> What is expected
In the records below, the line with "Green And White" opens the range and the line with "(エルメス) フールトゥPM ミニトートバッグ" closes it; print that range exactly and nothing else.

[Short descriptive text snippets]
[Start of Attachment]

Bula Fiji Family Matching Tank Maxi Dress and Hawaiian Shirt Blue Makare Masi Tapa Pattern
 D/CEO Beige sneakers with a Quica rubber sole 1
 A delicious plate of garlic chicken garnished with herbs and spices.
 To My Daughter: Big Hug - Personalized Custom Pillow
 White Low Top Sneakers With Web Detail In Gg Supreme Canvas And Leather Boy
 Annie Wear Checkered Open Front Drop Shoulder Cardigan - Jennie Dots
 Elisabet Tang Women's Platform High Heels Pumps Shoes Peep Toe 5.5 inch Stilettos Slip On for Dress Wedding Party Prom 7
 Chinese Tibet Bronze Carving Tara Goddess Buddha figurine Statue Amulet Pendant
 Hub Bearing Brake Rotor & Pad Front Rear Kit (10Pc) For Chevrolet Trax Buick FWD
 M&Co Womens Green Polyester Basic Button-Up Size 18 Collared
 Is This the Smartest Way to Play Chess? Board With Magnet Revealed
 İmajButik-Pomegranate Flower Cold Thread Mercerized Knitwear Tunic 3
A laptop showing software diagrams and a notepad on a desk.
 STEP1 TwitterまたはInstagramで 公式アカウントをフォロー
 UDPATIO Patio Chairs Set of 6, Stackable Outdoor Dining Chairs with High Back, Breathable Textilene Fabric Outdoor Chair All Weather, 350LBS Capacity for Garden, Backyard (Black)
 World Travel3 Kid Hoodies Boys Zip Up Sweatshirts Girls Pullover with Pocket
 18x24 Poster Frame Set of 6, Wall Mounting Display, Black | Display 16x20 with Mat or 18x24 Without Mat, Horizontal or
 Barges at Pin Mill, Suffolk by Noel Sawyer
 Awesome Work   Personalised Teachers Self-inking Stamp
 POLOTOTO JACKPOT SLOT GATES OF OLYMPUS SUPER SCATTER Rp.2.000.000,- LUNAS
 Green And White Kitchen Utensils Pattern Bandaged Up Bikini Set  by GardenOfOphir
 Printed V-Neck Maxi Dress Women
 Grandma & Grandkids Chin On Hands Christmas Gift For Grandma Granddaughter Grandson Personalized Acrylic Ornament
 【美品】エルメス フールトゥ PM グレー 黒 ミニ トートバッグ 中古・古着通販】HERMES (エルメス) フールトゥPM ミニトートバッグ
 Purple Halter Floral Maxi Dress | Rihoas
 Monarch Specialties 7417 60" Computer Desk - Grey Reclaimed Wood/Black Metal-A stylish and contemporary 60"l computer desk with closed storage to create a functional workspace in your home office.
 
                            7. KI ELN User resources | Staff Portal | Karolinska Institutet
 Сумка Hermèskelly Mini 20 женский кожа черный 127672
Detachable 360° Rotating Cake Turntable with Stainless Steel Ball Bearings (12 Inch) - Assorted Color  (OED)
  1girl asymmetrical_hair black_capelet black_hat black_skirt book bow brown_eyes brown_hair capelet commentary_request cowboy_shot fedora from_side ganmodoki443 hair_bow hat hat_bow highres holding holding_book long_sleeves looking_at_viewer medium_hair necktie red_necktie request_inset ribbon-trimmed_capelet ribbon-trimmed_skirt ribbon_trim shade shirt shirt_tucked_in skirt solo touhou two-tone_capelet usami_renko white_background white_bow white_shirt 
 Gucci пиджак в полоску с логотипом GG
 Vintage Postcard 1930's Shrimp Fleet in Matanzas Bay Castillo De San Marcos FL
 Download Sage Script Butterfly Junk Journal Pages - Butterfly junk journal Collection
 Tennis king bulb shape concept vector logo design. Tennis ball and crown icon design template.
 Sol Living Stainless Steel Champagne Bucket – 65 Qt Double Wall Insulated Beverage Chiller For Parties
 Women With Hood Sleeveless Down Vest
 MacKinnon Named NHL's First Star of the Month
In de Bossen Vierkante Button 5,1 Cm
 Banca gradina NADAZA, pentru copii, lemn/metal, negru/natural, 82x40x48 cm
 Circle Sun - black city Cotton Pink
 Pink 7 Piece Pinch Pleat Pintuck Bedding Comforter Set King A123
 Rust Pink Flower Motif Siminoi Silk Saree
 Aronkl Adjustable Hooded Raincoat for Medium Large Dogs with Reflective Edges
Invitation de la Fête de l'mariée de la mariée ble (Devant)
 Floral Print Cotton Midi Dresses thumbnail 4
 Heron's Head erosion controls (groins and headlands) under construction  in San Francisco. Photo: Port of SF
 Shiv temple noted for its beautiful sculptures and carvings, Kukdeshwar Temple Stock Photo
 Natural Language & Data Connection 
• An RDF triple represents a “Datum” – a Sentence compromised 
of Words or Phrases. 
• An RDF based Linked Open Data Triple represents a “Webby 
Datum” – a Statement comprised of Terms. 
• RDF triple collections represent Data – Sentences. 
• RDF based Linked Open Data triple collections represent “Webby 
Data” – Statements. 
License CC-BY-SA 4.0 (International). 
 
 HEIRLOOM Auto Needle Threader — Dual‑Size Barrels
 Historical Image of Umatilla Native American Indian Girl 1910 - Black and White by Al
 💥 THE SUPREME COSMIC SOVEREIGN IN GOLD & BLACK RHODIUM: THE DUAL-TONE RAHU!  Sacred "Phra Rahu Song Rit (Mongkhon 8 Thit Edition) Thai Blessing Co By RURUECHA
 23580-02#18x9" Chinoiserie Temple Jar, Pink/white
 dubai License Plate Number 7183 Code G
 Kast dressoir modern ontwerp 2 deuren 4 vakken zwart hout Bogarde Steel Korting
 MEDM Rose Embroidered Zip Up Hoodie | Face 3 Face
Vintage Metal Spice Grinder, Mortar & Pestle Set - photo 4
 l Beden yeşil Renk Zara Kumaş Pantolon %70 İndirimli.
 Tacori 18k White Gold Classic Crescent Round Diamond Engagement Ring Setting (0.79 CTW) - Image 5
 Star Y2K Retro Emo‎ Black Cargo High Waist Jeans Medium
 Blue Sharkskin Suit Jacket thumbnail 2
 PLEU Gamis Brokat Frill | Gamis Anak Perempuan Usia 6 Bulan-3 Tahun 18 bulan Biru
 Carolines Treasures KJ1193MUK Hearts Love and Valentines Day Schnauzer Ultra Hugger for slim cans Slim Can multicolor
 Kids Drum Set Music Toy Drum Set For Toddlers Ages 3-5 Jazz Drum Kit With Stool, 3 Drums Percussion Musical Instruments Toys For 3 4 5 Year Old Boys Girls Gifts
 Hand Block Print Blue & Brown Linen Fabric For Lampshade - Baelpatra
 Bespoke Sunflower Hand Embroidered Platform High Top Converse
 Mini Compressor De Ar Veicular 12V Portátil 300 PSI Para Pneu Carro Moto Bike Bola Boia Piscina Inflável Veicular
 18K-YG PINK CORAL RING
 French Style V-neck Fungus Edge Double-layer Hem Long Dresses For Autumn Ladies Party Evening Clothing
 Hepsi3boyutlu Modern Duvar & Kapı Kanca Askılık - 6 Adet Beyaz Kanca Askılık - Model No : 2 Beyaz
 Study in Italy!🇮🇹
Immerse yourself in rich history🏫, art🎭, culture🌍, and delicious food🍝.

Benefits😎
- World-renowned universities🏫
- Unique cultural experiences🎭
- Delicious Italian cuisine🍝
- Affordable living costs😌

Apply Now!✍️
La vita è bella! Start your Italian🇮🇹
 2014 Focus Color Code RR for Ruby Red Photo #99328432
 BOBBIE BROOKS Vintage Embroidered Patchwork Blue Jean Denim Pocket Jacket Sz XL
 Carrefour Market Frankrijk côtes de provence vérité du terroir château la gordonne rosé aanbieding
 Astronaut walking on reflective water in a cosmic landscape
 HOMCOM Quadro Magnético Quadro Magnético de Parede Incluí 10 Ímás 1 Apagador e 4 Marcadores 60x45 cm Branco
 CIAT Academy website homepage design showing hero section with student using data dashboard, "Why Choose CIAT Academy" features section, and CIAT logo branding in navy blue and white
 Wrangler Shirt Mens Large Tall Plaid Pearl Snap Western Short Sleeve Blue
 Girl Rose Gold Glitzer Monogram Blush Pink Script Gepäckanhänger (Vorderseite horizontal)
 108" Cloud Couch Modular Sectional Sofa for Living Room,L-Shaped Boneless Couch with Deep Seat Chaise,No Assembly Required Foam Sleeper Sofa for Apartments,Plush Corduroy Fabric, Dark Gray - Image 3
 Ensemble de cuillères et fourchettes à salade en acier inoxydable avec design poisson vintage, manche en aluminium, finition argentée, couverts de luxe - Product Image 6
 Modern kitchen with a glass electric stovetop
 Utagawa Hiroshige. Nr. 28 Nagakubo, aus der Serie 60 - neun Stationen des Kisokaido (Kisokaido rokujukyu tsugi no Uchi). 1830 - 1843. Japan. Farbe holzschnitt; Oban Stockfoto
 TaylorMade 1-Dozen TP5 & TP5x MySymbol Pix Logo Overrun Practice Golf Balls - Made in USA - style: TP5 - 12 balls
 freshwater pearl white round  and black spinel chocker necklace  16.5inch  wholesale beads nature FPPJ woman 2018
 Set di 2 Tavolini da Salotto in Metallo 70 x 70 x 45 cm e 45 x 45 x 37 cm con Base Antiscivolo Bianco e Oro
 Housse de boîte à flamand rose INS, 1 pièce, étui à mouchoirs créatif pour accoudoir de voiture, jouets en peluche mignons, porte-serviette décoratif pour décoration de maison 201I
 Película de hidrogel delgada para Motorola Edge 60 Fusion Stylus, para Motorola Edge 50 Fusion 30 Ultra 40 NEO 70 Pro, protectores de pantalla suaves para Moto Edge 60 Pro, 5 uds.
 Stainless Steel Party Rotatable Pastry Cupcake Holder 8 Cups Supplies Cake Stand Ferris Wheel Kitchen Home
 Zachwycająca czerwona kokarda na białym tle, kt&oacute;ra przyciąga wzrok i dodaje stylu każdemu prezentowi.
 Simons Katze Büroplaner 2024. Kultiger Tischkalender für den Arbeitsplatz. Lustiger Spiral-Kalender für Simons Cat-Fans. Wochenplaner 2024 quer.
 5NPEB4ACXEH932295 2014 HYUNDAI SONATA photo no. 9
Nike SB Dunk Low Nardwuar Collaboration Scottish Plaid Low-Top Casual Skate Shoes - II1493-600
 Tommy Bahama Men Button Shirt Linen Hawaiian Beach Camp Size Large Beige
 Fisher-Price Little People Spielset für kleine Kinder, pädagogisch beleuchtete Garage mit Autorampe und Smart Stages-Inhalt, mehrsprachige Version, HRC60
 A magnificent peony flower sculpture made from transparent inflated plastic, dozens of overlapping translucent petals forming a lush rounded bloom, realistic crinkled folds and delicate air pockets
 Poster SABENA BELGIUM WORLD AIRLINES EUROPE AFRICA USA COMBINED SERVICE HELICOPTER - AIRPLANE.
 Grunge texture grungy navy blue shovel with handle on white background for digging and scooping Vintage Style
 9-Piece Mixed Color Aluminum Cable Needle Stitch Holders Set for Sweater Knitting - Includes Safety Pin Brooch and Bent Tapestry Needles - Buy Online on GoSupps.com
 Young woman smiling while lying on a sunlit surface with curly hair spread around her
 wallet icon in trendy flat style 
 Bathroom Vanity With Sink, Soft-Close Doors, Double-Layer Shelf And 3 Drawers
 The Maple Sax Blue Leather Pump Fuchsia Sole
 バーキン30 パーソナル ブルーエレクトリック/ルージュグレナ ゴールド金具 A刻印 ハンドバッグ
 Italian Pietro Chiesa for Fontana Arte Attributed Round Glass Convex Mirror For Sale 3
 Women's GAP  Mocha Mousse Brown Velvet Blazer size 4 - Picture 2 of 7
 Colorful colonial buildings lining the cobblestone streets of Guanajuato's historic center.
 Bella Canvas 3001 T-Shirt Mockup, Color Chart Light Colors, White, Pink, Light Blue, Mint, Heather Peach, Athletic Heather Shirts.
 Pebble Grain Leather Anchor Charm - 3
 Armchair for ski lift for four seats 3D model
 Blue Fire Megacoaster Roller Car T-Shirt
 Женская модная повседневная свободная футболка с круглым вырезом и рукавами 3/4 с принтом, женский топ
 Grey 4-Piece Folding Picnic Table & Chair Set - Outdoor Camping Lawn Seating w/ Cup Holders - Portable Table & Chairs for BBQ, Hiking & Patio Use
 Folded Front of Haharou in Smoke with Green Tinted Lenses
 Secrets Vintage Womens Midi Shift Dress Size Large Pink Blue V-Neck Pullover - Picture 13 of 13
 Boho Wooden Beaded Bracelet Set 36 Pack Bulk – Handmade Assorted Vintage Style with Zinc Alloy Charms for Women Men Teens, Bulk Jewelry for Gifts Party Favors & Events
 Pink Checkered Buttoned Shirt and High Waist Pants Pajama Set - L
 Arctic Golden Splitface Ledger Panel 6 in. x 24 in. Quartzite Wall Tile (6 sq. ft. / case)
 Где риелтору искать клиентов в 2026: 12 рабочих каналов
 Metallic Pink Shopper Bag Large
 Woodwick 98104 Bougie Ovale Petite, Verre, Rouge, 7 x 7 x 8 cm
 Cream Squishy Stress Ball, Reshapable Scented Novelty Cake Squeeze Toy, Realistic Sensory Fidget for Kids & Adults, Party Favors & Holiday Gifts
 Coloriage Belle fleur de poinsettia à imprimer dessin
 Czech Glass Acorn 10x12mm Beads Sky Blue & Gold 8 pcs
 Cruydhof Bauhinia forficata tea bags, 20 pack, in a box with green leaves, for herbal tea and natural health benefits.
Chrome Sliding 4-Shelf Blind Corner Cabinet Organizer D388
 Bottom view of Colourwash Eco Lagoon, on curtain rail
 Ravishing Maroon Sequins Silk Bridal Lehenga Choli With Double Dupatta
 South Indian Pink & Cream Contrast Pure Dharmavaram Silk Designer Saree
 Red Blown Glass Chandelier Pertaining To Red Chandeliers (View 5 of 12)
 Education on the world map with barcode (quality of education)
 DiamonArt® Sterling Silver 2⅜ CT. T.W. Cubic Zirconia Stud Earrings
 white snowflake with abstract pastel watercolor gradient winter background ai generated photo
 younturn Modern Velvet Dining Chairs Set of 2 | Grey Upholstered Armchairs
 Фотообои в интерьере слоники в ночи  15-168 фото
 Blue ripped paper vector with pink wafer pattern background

[End of Attachment]

> Response area
 Green And White Kitchen Utensils Pattern Bandaged Up Bikini Set  by GardenOfOphir
 Printed V-Neck Maxi Dress Women
 Grandma & Grandkids Chin On Hands Christmas Gift For Grandma Granddaughter Grandson Personalized Acrylic Ornament
 【美品】エルメス フールトゥ PM グレー 黒 ミニ トートバッグ 中古・古着通販】HERMES (エルメス) フールトゥPM ミニトートバッグ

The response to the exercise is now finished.